This story originally appeared on Fortune Magazine

l i g h t p o e t / Shutterstock

Google on Wednesday said it would begin penalizing the search rankings of websites that use pop-up mobile ads asking users to install an app, the latest move by the company that could have a big impact on advertisers, publishers and other content creators.

In a post on its Webmaster Central Blog, Google said that app install ads which block a large amount of content from users and prompt them to install various applications are a big no-no in their book.

"Our analysis shows that it is not a good search experience and can be frustrating for users because they are expecting to see the content of the web page," Daniel Bathgate, a software engineer at the company, wrote.

The company will now tell sites during its Mobile-Friendly Tests that they should avoid showing such interstitials. After November 1, sites that ignore Google's advice will no longer be considered "mobile-friendly," a big factor in how Google determines which sites appear at the highly valuable top spots in search rankings.

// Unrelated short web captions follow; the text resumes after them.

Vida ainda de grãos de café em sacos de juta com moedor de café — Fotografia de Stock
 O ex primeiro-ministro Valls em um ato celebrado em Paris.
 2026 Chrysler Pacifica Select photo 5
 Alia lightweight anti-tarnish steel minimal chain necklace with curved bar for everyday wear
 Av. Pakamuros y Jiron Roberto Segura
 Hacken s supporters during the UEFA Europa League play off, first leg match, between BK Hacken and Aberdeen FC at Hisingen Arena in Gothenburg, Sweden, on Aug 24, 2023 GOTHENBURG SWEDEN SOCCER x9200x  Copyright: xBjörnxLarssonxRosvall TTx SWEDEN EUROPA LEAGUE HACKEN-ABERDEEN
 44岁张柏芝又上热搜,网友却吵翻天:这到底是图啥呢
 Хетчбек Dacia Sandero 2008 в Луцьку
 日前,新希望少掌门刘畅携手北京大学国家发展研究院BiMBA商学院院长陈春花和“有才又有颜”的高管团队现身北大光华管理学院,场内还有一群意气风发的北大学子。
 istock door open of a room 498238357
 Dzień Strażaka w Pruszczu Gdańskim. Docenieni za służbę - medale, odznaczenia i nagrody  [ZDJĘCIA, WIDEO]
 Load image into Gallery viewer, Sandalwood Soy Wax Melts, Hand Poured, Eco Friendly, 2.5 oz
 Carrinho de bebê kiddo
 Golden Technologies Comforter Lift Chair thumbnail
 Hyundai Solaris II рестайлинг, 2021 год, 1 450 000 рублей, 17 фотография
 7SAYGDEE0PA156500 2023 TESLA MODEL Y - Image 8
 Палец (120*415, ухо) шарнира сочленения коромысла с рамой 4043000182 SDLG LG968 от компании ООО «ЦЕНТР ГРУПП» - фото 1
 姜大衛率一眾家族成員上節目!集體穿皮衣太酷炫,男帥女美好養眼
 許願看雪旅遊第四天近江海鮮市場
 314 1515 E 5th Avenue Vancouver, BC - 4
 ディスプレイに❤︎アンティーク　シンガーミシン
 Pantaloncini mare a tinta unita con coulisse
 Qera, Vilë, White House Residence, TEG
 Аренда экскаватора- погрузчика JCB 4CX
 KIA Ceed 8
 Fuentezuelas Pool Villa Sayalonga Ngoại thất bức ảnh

This follows an internal study by the company that showed just how much users hate such ads – 69% of people who encounter them abandoned the entire page completely, versus the 9% who actually ventured to press the "get app" button.

Google, as someone pointed out on Twitter, isn't even exempt from these type of in-your-face ads:

Mobile ads are also facing rebuke from Apple, whose new iPhone software will reportedly allow ad-blocking software.